Going to the Dogs is a 1986 play by Dutch writer, artist, and television director Wim T. Schippers. It premiered on 19 September to a sell-out audience in the Stadsschouwburg in Amsterdam, with six German Shepherds, allegedly trained as actors by the Amsterdam police, as the performers. The play provoked national and international attention, and even drew protest from an animal rights group.

==Background==
Schippers, who had gained a reputation as an artist creating unusual works of visual art in the 1960s (for instance, his Pindakaasvloer consisted of a floor covered in peanut butter), conceived of the idea for the play in the early 1970s, and explained that the six dogs had been acquired as puppies and had received acting lessons from the Amsterdam police. The real spectacle, he said, was "the curious fact that people will actually come to the theatre to watch dogs eating, barking, urinating, fighting, sleeping and playing".

==Plot and acting==
The plot was called "familiar" in one review, and was described as "a Byzantine love story set in a rambling country manor": a young girl introduces her boyfriend to her parents, and plays up emotions like "love, jealousy, curiosity, and parental worries". The actors were prompted by "pieces of meat and cookies thrown into [sic] the appropriate direction". About the meaning of the dogs' acting, Schippers said that humans act on stage but "dogs remain normal. Thinking about that gives you a new perspective on the theater".

==Reception==
The play attracted national and international attention both before and after its sold-out 19 September 1986 premiere and provoked much controversy; questions were asked in Dutch parliament about why such an absurdist play received government subsidies. Not all were positive: reportedly some people (including the theater manager) left the performance early in dismay, and an action group, "The Underdog", protested against what they saw as animal abuse.

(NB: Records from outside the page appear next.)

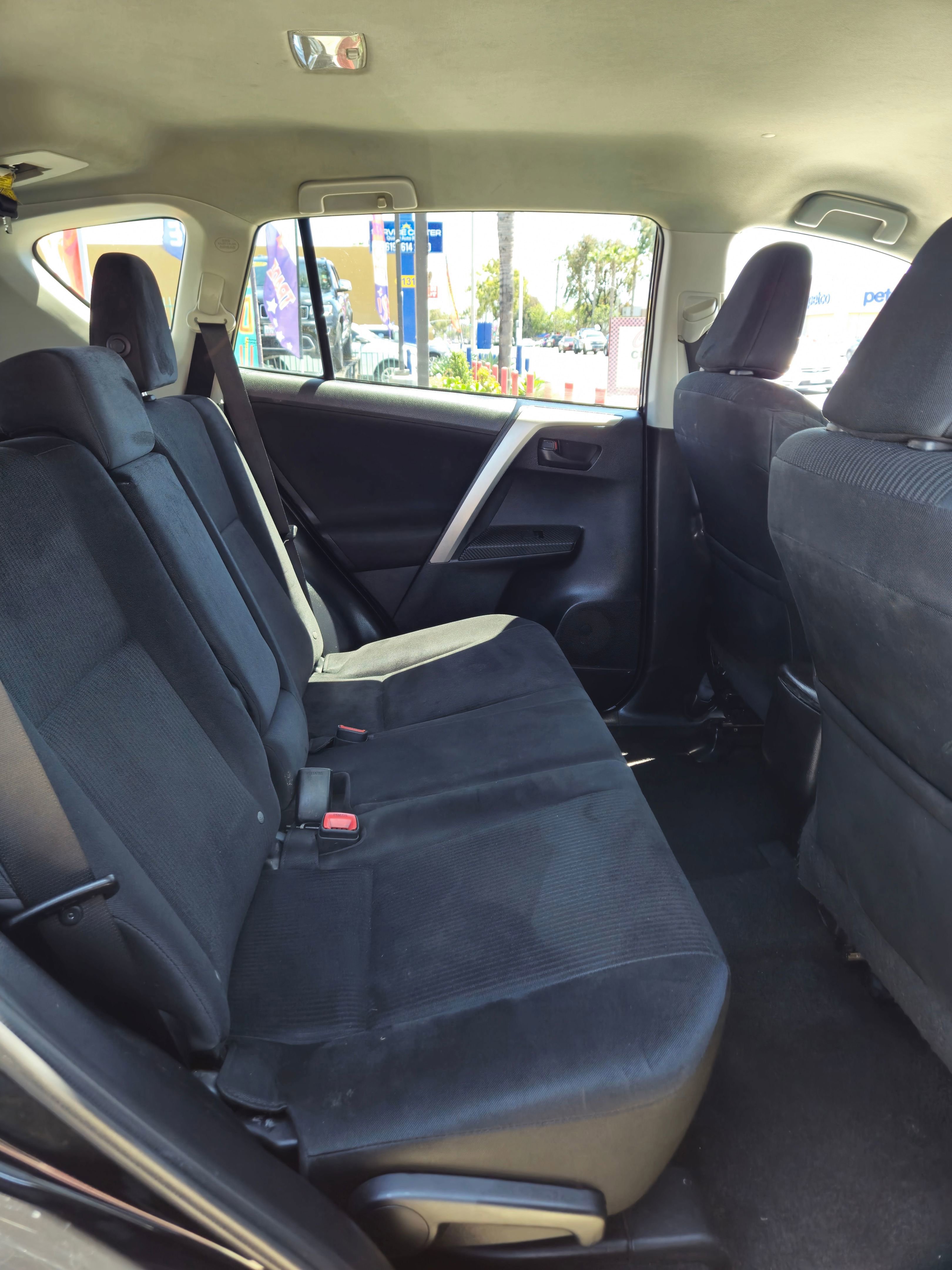 Vehicle image 17 of 22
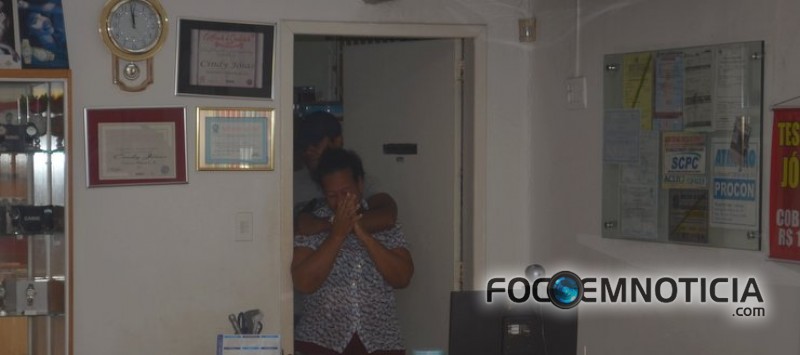 LADR&Otilde;ES S&Atilde;O PRESOS AP&Oacute;S TENTAR ASSALTAR JOALHERIA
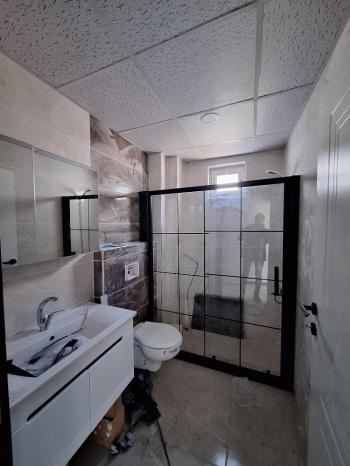 GÜVENAY - ÇORUM ULUKAVAK MEHMETCİK ANADOLU LİSESİ  CİVARI 3+1 KİRALIK DAİRE 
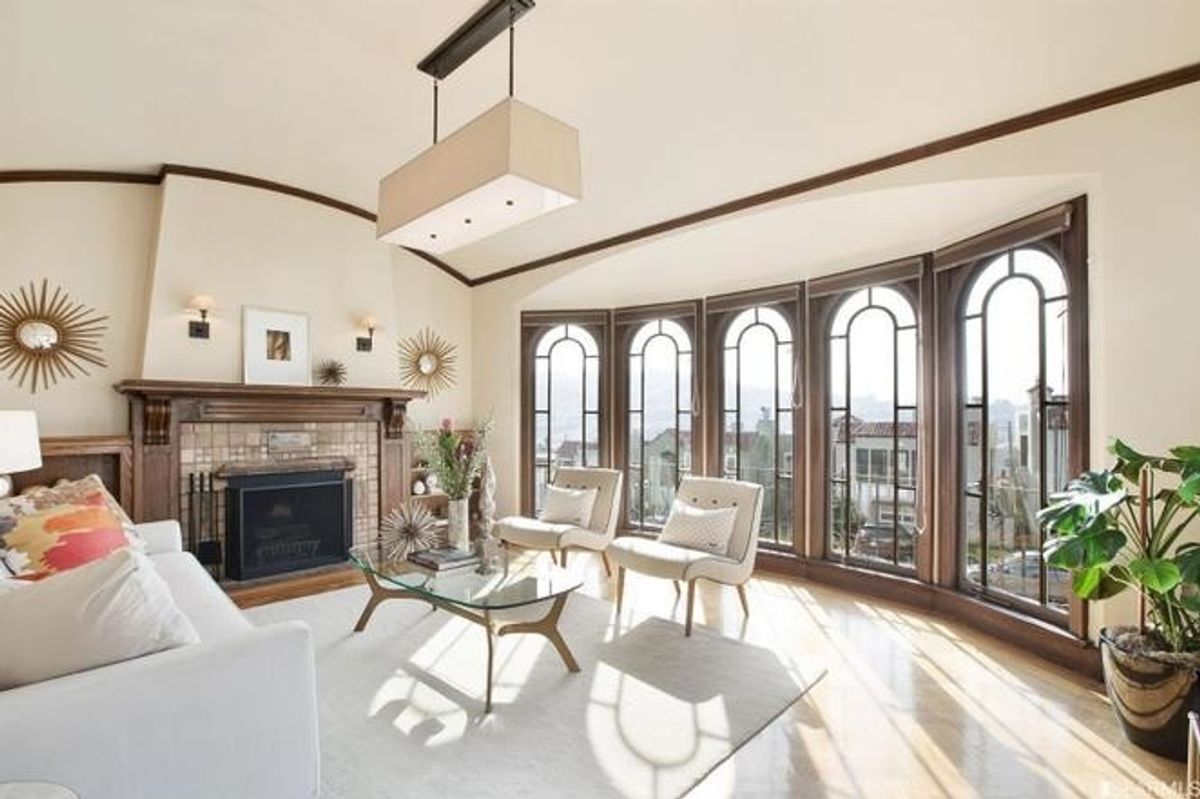 1927 Bernal Heights home asks $1.3 million, has period details galore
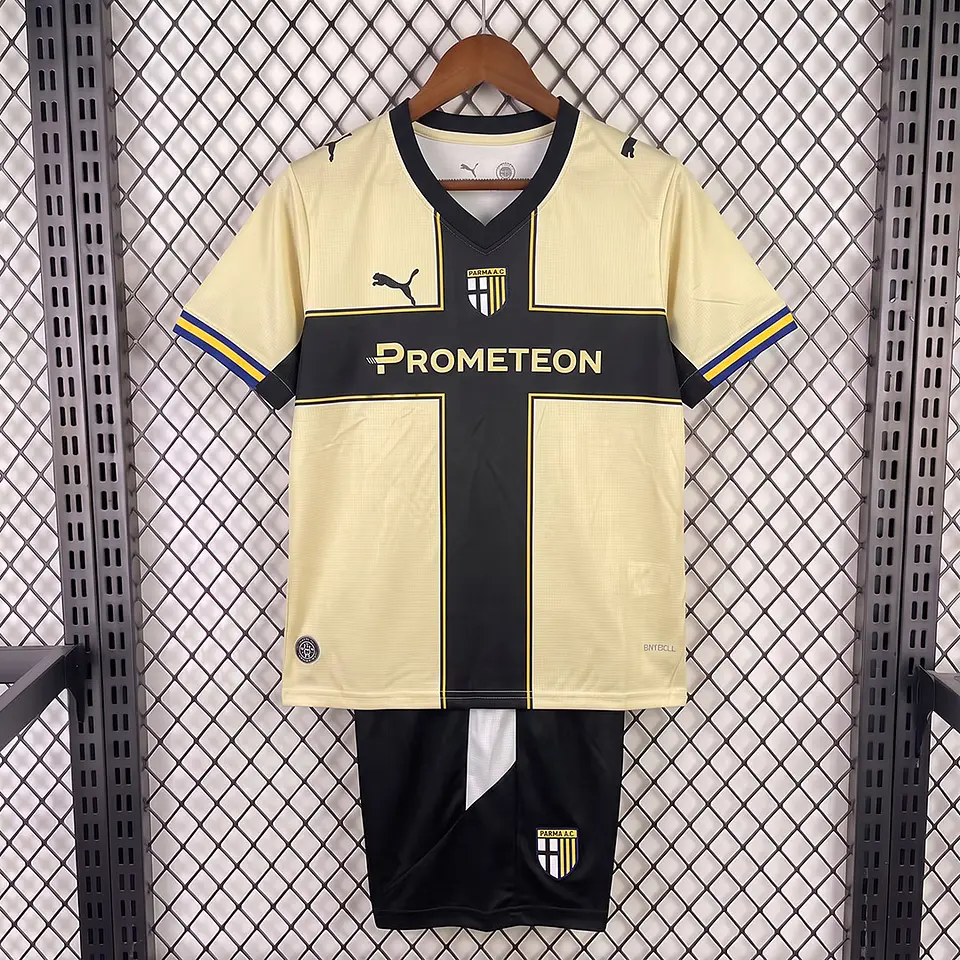 Kit Parma I 26/27 1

A performance of the play was released in 2008 on the two DVD set of Schippers' television drama series Op zoek naar Yolanda (1984), along with the television productions Sans rancune (1987) and De bruine jurk (1988). In 2011, lead actress Ilja van Vinkeloord (1981–1996) was honored with a portrait in the Stadschouwburg's gallery, hung among portraits of such veteran Dutch actors as Kitty Courbois, Joop Admiraal, and Mary Dresselhuys.